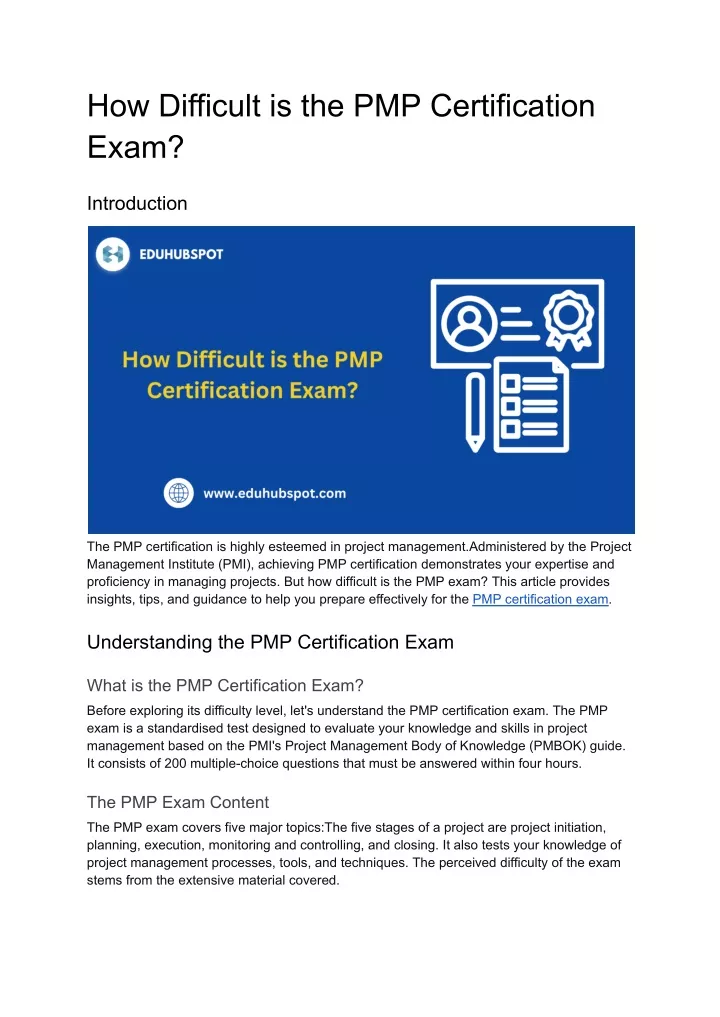 how difficult is the pmp certification exam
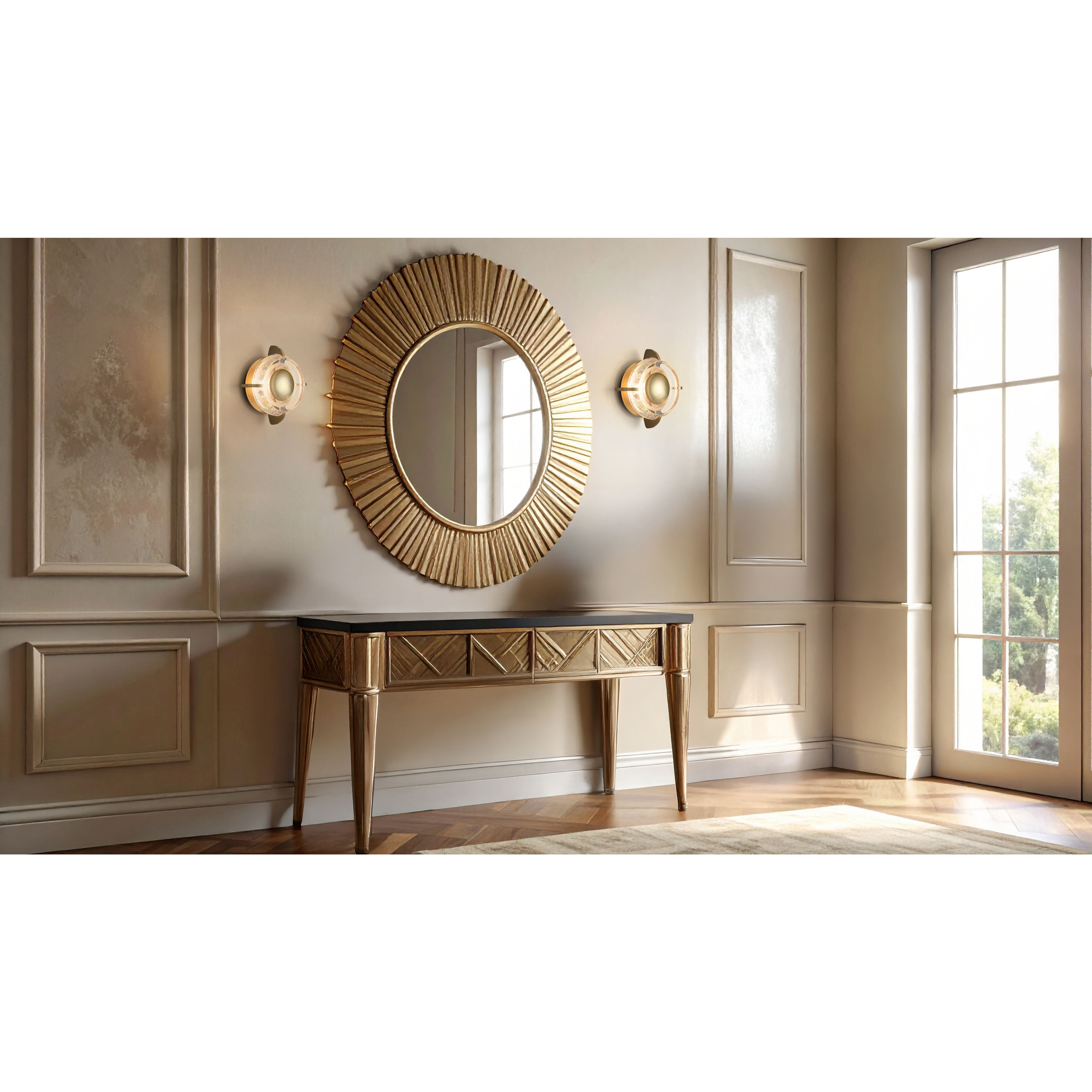 Lustra LED 10.6 inch Modern Brass Sconce/Flush Mount Wall Light, Art & Alchemy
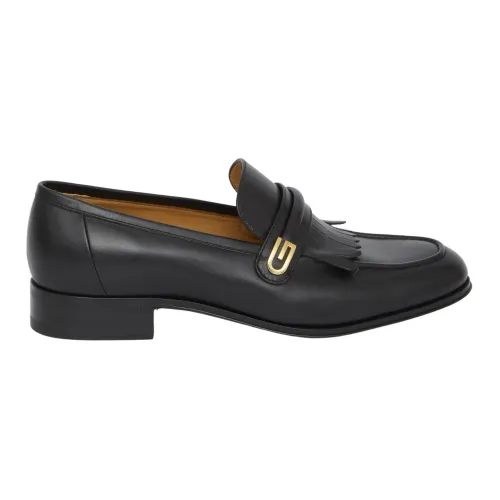 Schwarze Kalbsleder-Loafer mit goldenen G-Details Gucci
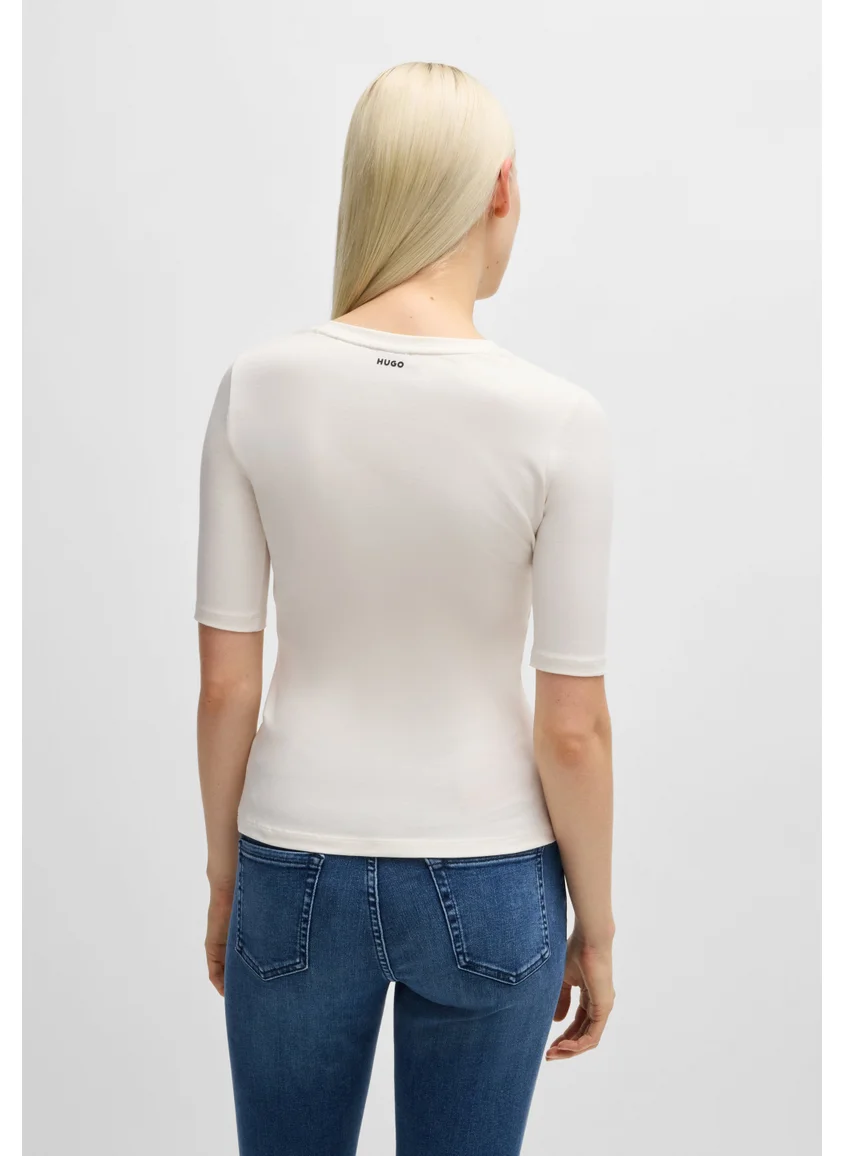 HUGO Slim-fit T-shirt in cotton, modal and stretch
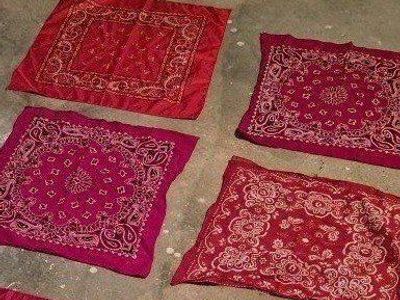 4 Red Paisley Bandanas - Versatile Headwear/Accessories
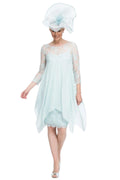 Handkerchief Silk Georgette Tunic And Dress With Beaded French Lace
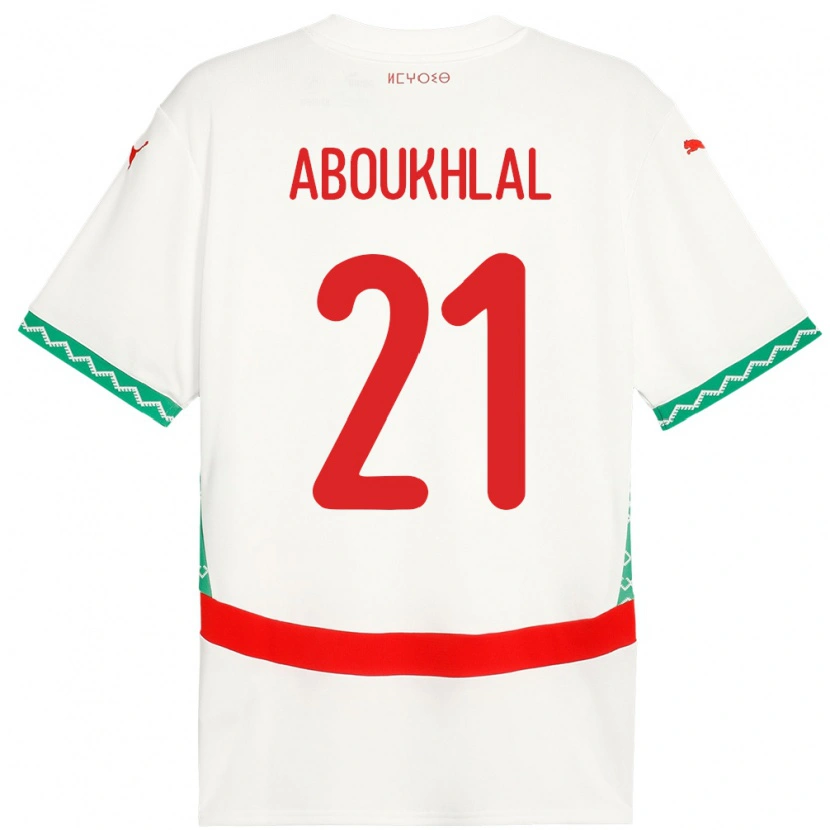 Danxen Femme Maillot Maroc Zakaria Aboukhlal #21 Blanc Tenues Extérieur 24-26 T-Shirt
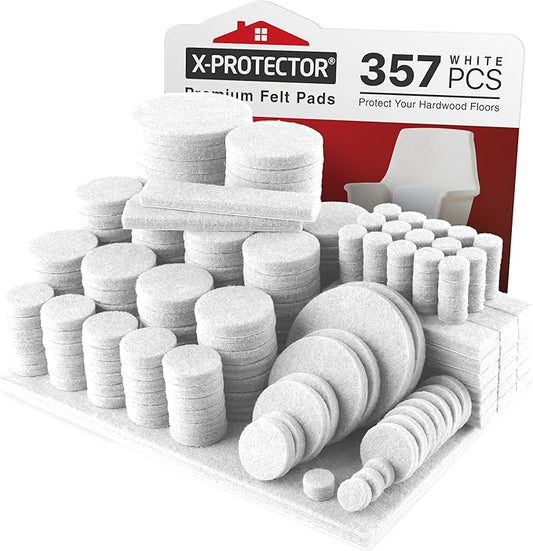 357 pcs White Felt Furniture Pads X - Protector! Huge Quantity of Furniture Pads for Hardwood Floors with Many Big Sizes – Your Ideal Wood Floor Protectors for Furniture. Protect Any Type of Hard Floor! | Furniture Pads - TrueDesk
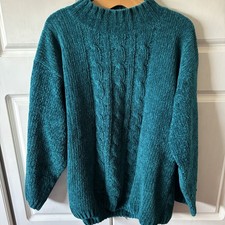 Vintage Dorothy Perkins Teal Chunky Knit  Chenille Oversized Jumper 44” Bust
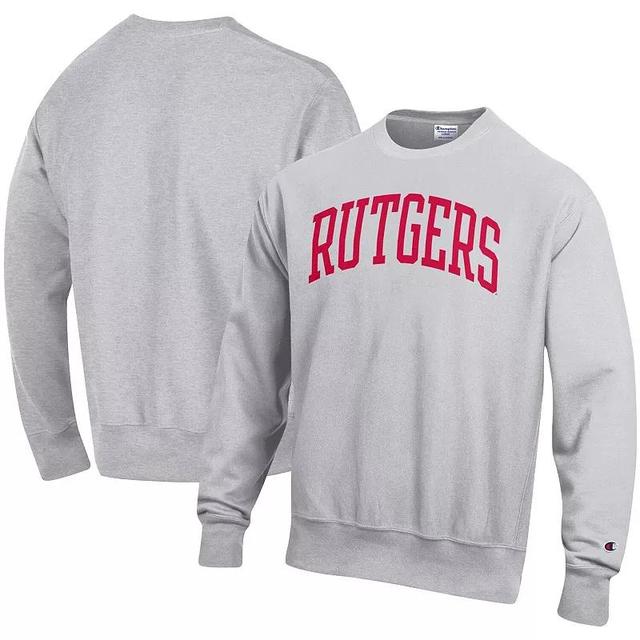 Mens Champion Heathered Gray Rutgers Scarlet Knights Arch Reverse Weave Pullover Sweatshirt Product Image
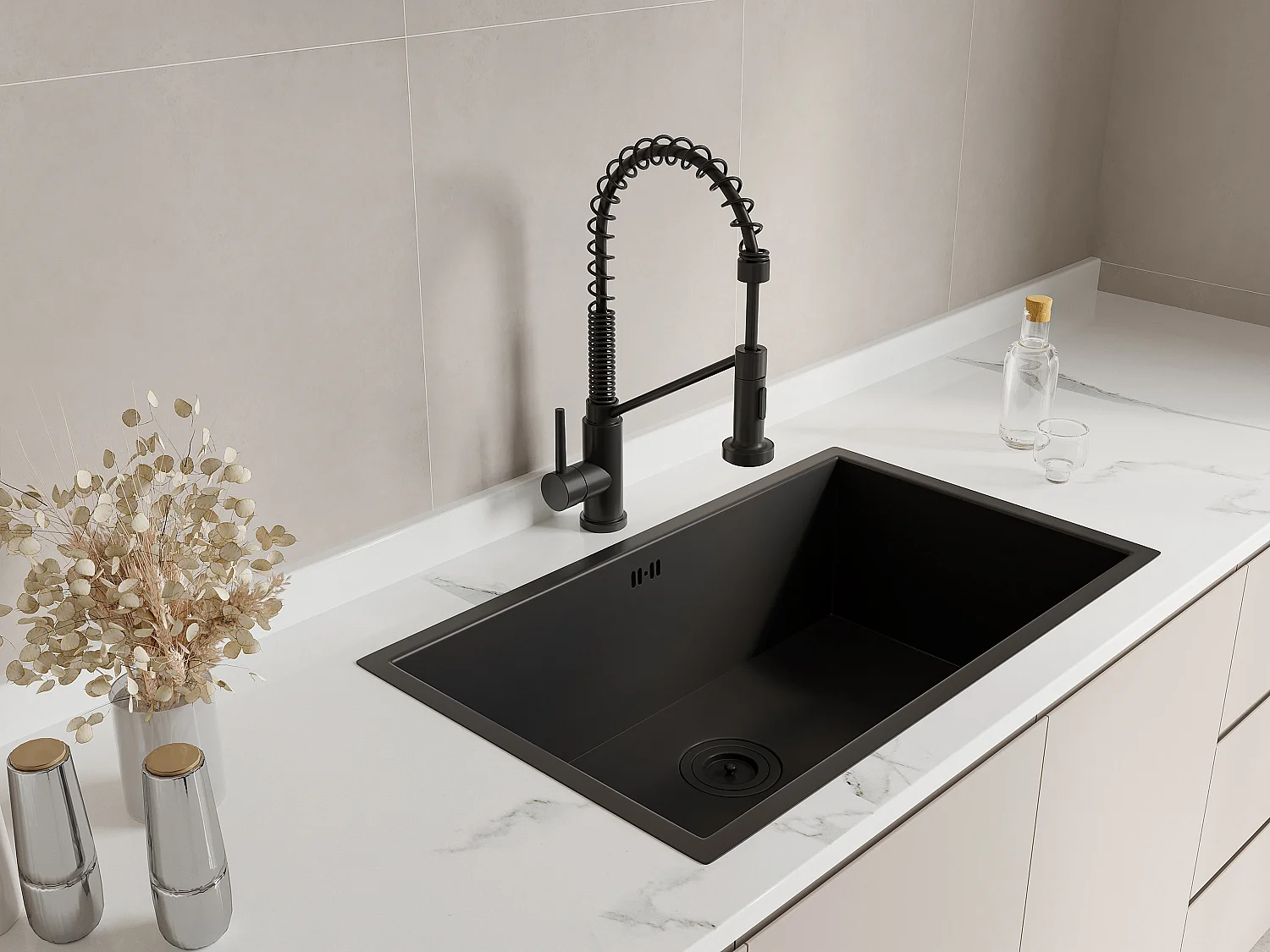 Robinet de cuisine avec douchette extractible en acier inoxydable - Noir mat - ROFLEX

◆ Task description: Repeat verbatim the lines from the one with "Vintage Dorothy Perkins" through the end of the listing above. Include both ends, add nothing, and exclude the pictures.

◆ Answer to the exercise:
 Vintage Dorothy Perkins Teal Chunky Knit  Chenille Oversized Jumper 44” Bust
 Mens Champion Heathered Gray Rutgers Scarlet Knights Arch Reverse Weave Pullover Sweatshirt Product Image
 Robinet de cuisine avec douchette extractible en acier inoxydable - Noir mat - ROFLEX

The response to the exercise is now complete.